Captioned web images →

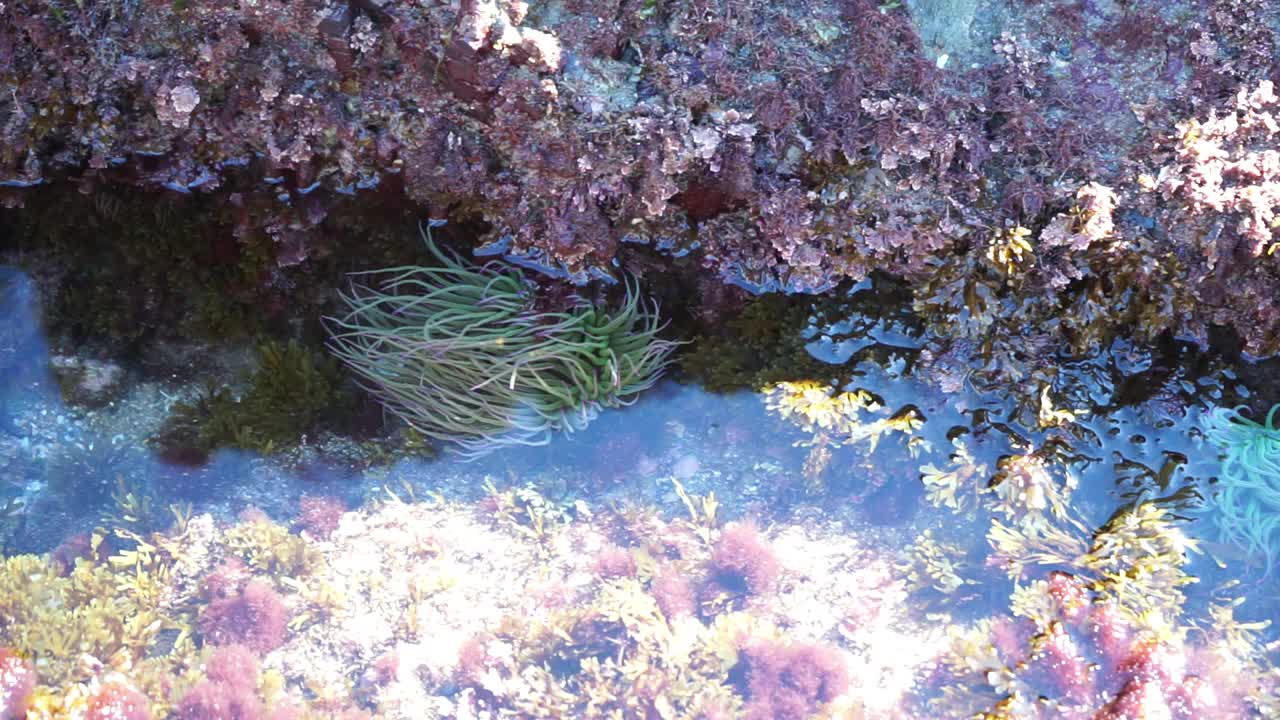 海葵随着海水的节奏移动视频下载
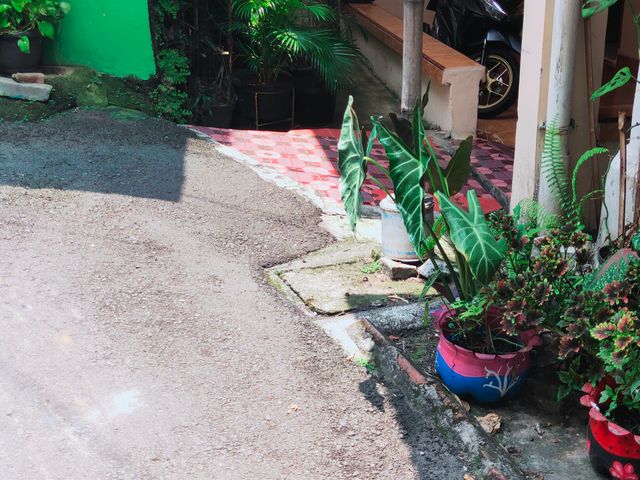 place photo 6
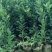 【推荐】广西藤县香水柠檬苗各种规格齐全价格稳定一手价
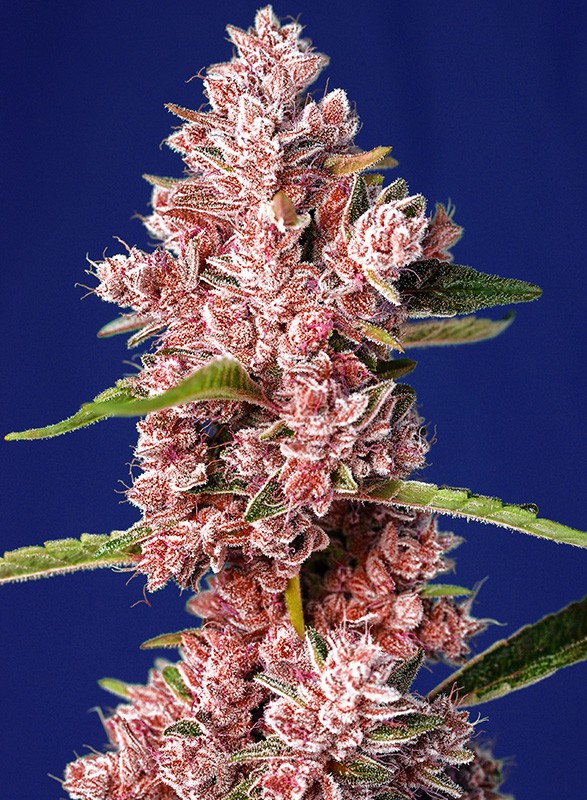 Tropicanna Poison F1 Fast Version Fem 3+1 Semillas Sweet Seeds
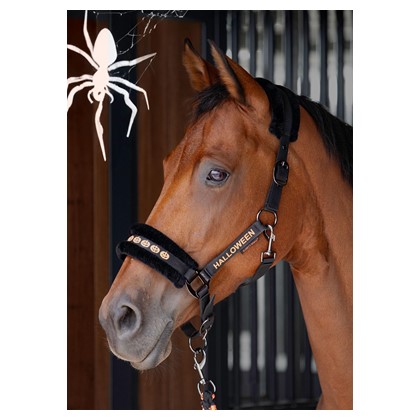[310000505full] Licol et longe Halloween (Cheval)
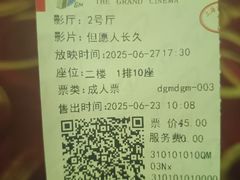 -大光明电影院(南京西路店)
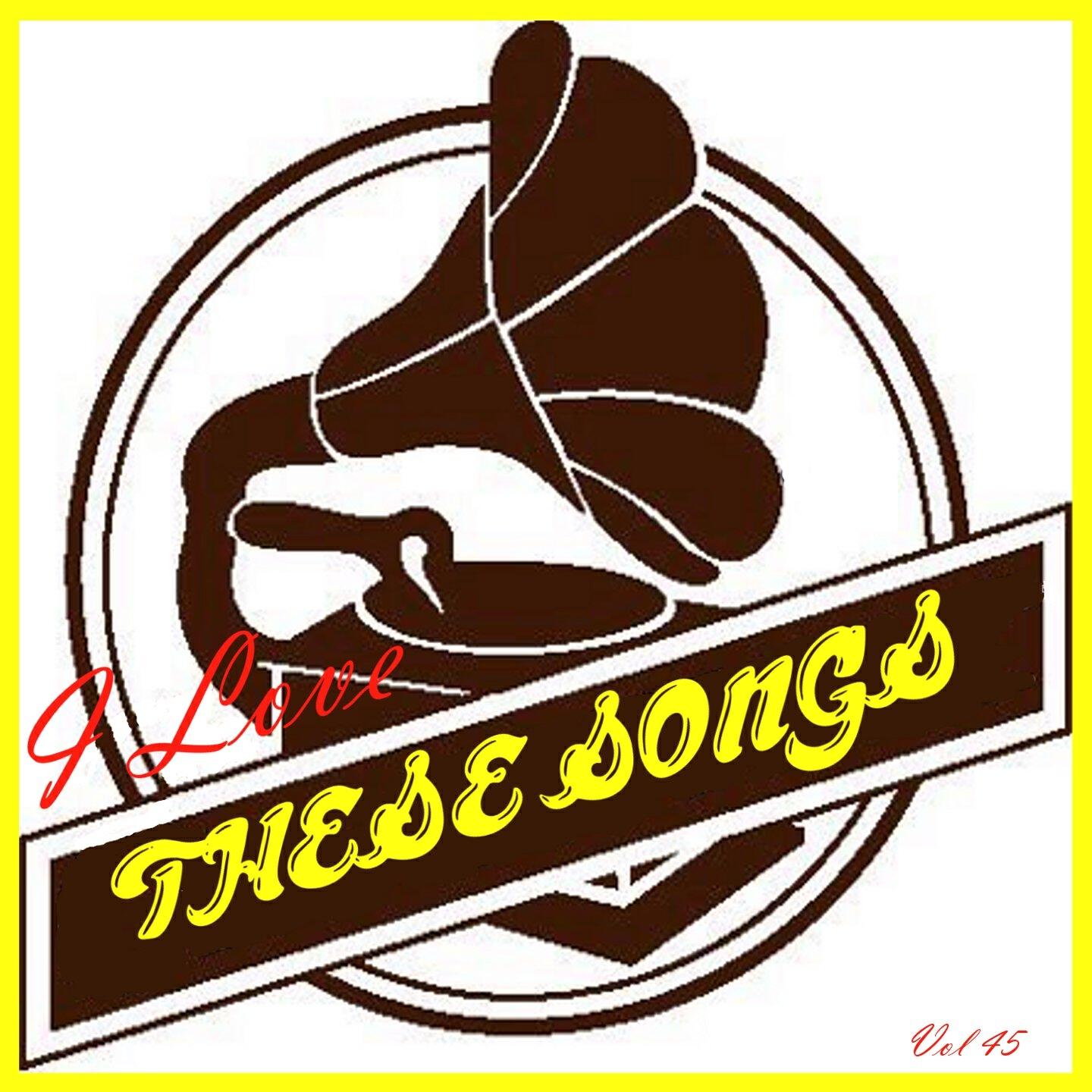 Постер альбома I Love These Songs, Vol. 45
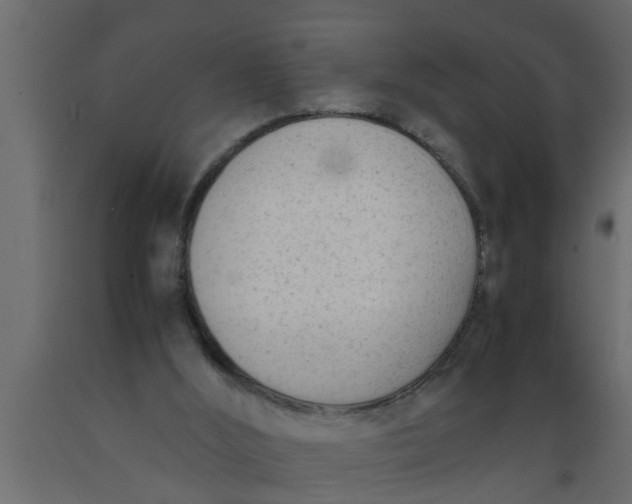 X0000089450012200707061251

About this exercise → Without the pictures, write out every line above exactly as it appears.

Task output →
 海葵随着海水的节奏移动视频下载
 place photo 6
 【推荐】广西藤县香水柠檬苗各种规格齐全价格稳定一手价
 Tropicanna Poison F1 Fast Version Fem 3+1 Semillas Sweet Seeds
[310000505full] Licol et longe Halloween (Cheval)
 -大光明电影院(南京西路店)
 Постер альбома I Love These Songs, Vol. 45
 X0000089450012200707061251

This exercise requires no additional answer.